Selon nos informations, Sète Thau Habitat est pleinement conscient du problème et surveille activement les plateformes de location saisonnière. Pourtant, traquer ces locataires fraudeurs relève du défi. Une source interne nous confie, « les annonces sont difficiles à repérer, car elles comportent rarement des indices précis permettant de les localiser. Souvent, seules des photos des intérieurs sont publiées, rendant l’identification des logements quasiment impossible. » Pourtant, certains fraudeurs ont bel et bien été identifiés durant l’année 2024 et convoqués par Sète Thau Habitat pour s’expliquer. Mais cette même source reste évasive quant aux éventuelles sanctions prises à leur encontre des locataires frauduleux. « Le sujet est sensible, car ces locataires sont aussi des électeurs. Virer l’un d’eux, c’est potentiellement perdre les voix de toute une famille, ce qui devient problématique à l’approche des municipales. »
D’autres communes du bassin de Thau sont également touchées par ce phénomène. Nous avons pu recenser, avec facilité, plusieurs logements sociaux proposés à la location pour la saison estivale qui approche à grands pas, notamment à Frontignan, Marseillan et Balaruc-les-Bains. Une simple prise de contact avec les numéros de téléphone figurant sur des annonces suspectes a suffi à confirmer la mise en sous-location de ces logements sociaux.
Pendant que des centaines de familles attendent désespérément un logement social, d’autres détournent le système en toute impunité. Comment expliquer qu’après vingt-cinq ans de gouvernance municipale à Sète, la situation soit à ce point hors de contrôle ? Ce phénomène ne se limite pas à la pression touristique ou à la crise du logement. Il est le résultat direct d’une politique affairiste désastreuse qui a complètement détruit l’âme de Sète, mais aussi du bassin de Thau lorsque l’on s’intéresse de plus près à ce qui se joue dans certaines communes.
Les premières victimes ne sont pas seulement les demandeurs de logements sociaux, mais aussi les propriétaires qui déclarent légalement leurs locations saisonnières et paient leurs taxes au prix fort. Contrairement aux fraudeurs, eux subissent une régulation stricte sans bénéficier de la moindre protection de la municipalité.

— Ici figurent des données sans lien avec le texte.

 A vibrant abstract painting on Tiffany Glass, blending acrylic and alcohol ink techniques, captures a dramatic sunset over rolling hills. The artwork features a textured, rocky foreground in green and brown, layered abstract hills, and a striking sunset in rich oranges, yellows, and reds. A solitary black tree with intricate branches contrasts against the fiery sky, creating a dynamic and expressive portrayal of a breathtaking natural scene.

Espérons que les autorités locales prendront enfin la mesure de ce phénomène grandissant et mettront de l’ordre dans ce véritable Far West immobilier. Entre calculs électoraux et absence de contrôle efficace, la ville de Sète laisse cette pratique s’enraciner, au détriment des familles en attente d’un logement et des propriétaires, eux, contraints de se plier à une réglementation stricte.